Peabody quickly realized that in order to build his church he would need to appeal to the men. The woman of the city went to church; the hardscrabble miners, drawn to the area by the lure of a massive silver strike, were more reticent. Toward that goal Peabody challenged the Methodist minister, a man named Joseph “Mac” Macintyre, to a boxing match. The whole town turned out to witness the spectacle of two men of the cloth duking it out bare-knuckled under the blazing Arizona sun for the right to save the souls of the male citizenry of the town nicknamed “Helldorado.” Peabody won. His next match was against the miner’s champion. The burly, weathered, mining champ took a beating. Endicott founded a baseball team as well. The local paper, the “Tombstone Epitaph,” called him a “Daisy” of a ballplayer. 

His friends called him “Cotty” and as his reputation grew, so did his flock. Initially, he held his weekly services in the Miners Exchange building. The old church had been burnt to the ground six months earlier by a rowdy mob of drunks. He also travelled to nearby towns. One day, in nearby Charleston, he delivered a sermon on his own 11th Commandment: “Thou Shall Not Covet Thy Neighbor’s Cattle.” The sermon so enraged a member of the infamous outlaw gang of cattle rustlers known as the Cowboys that he threatened to shoot Peabody if he ever returned. Endicott sent back word that if the man wanted a fight, he could have one, but proposed they meet in the boxing ring, charge admission, and donate the proceeds to the local orphanage. The matter was dropped. No one wanted to go toe to toe with the hard-punching Priest from the East. 

In order to raise funds for a new church, Peabody took to haunting the gambling halls and saloons — not to drink or place bets, but to solicit donations. He would stride into the den of iniquity and announce that on the following Sunday he would be preaching on the evils of gambling. He would then stand by each poker table in turn, silent and foreboding, his outstretched arm holding his upturned hat until the players made a donation. Gambling was big business in Tombstone. Endicott soon had more than $4,600 to build his church. St. Paul’s Episcopal Church still stands today. It is the oldest Protestant church in the state of Arizona.
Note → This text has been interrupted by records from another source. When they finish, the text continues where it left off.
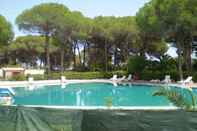 Swimming Pool Hotel New Barcavela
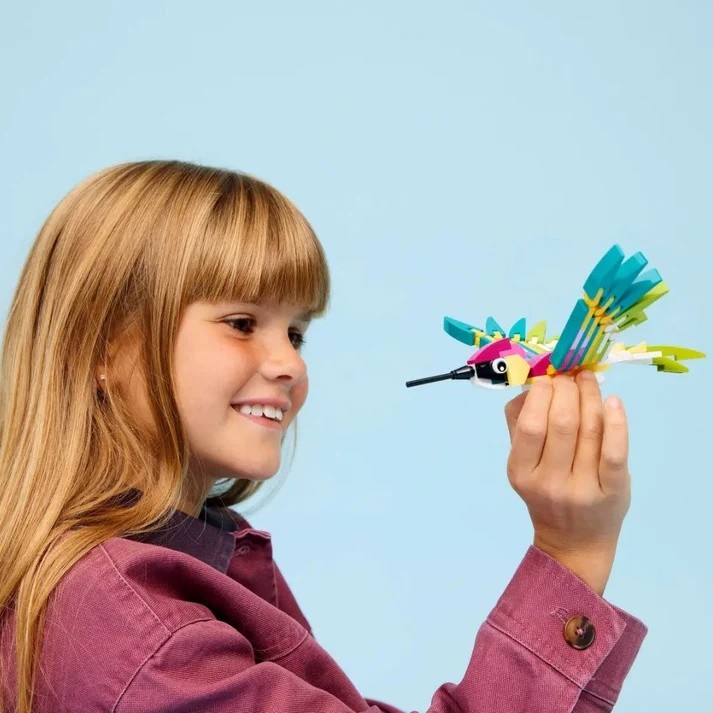 Set de construcție Lego Creator: Colorful Hummingbird (31384)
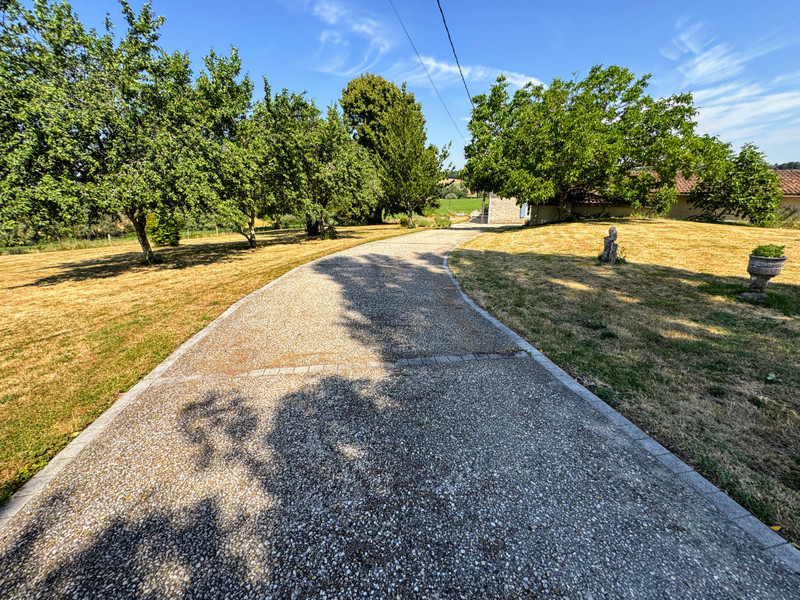 French property for sale in Montmoreau, Charente - €360,000 - photo 1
Endicott Peabody returned to the East after just six months. He finished seminary and founded the Groton School. He became friends with Teddy Roosevelt and educated four of his sons. Teddy’s cousin, Franklin Delano Roosevelt, is the Groton School’s most famous alum. Endicott Peabody was the scion of a family that included models and bishops, famous actresses and even a governor. 
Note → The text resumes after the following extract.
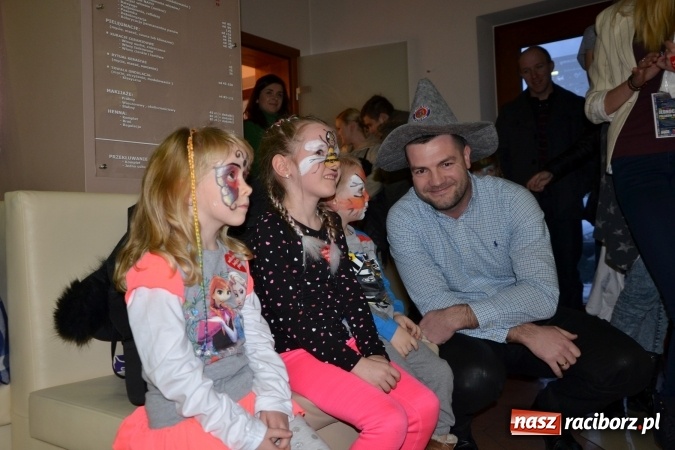 Zdjęcie w galerii na portalu naszraciborz.pl: Studio Sztuki Fryzjerskiej Luiza z Tworkowa strzygło i modelowało w rytm Wielkiej Orkiestry Świątecznej Pomocy wiadomości z regionu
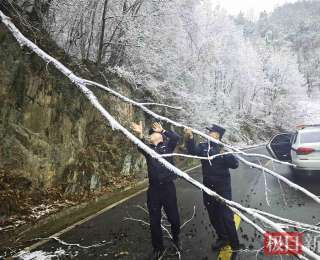 全警护航，湖北保康县元旦假期社会治安平稳有序！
That family is perhaps best known locally for the exploits of his daughter-in-law, Mary Parkman Peabody. On Easter Sunday 1964, the 72-year-old Parkman Peabody arrived in St. Augustine with the intent of being arrested protesting segregation. She spent three days in the local jail. True grit, it would seem, ran hard in the Peabody clan. 

Franklin Roosevelt considered Peabody to be the second most influential man in his life, behind his own father. So enamored was he that he quoted his “old schoolmaster, Dr. Peabody” in his final inaugural address. FDR remembered him saying, “Things in life will not always run smoothly. Sometimes we will be rising toward the heights — then all will seem to reverse itself and start downward. The great fact to remember is that the trend of civilization itself is forever upward.” 

Scott A. Grant is a local columnist, author, speaker, and historian. By day he is a fiduciary asset manager and president of Standfast Asset Management. He welcomes your comments or questions at scottg@standfastic.com.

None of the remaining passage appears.